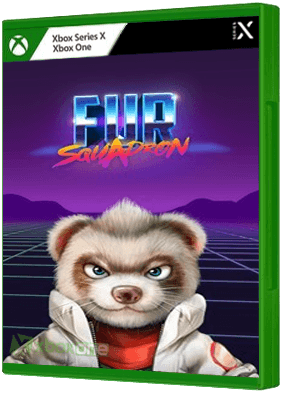 Fur Squadron Xbox One boxart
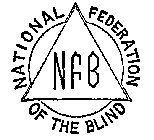 NATIONAL FEDERATION OF THE BLIND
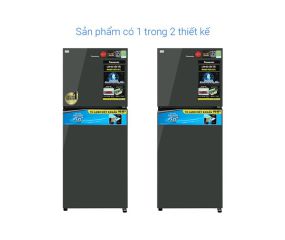 Tủ lạnh Panasonic Inverter 326 lít NR-TL351VGMV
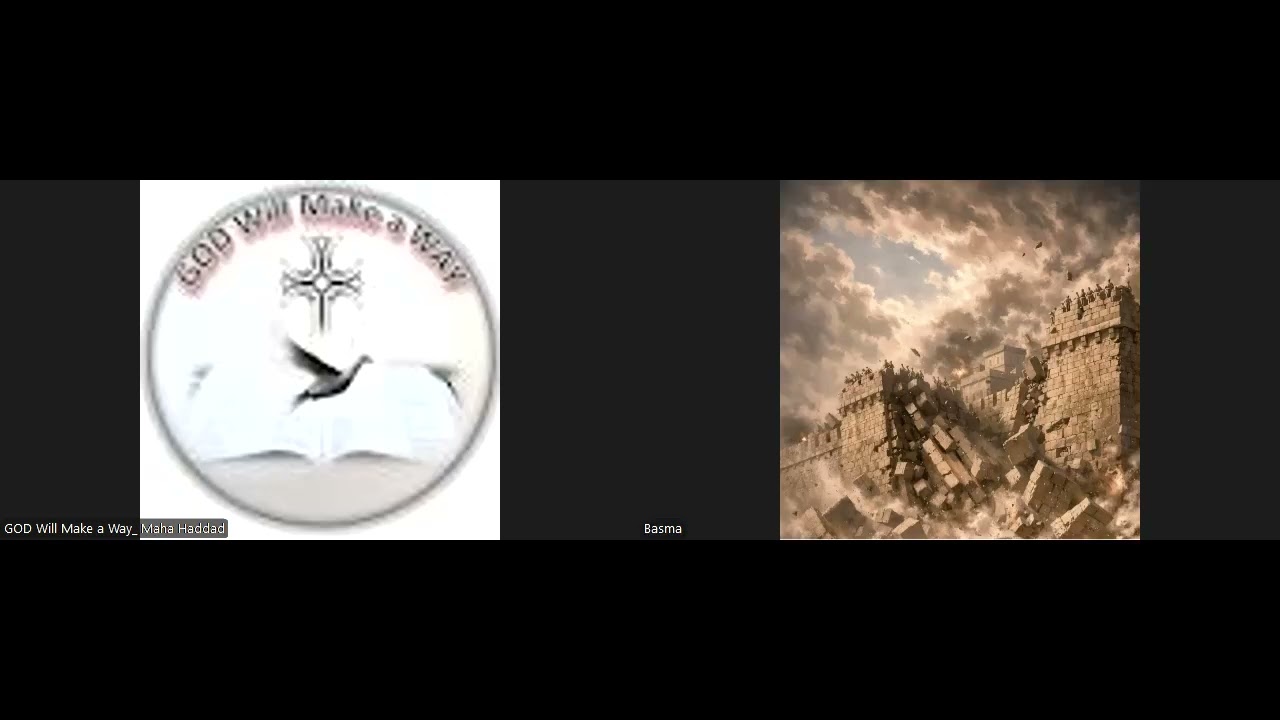 تغير الذهن -رومية 12 اية 1-8--- مها حداد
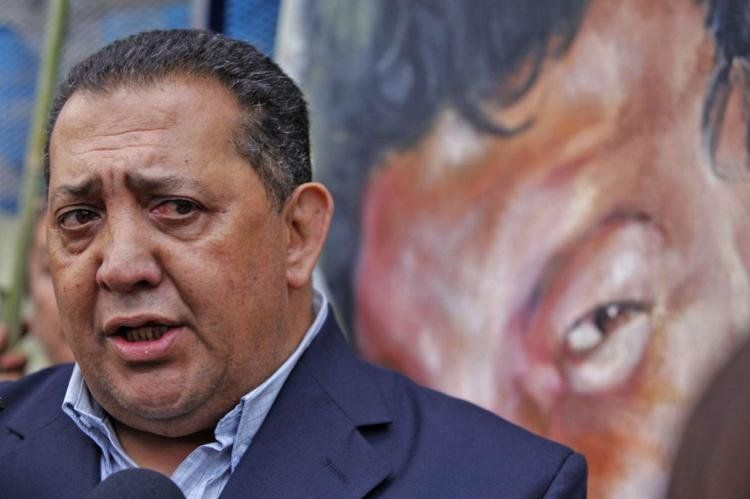 Luis DElía arremetió contra el periodismo.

══════

* Problem statement *
From the first line to the last, return the records exactly and leave the pictures behind.

* Solution to this exercise *
 Fur Squadron Xbox One boxart
 NATIONAL FEDERATION OF THE BLIND
 Tủ lạnh Panasonic Inverter 326 lít NR-TL351VGMV
 تغير الذهن -رومية 12 اية 1-8--- مها حداد
 Luis DElía arremetió contra el periodismo.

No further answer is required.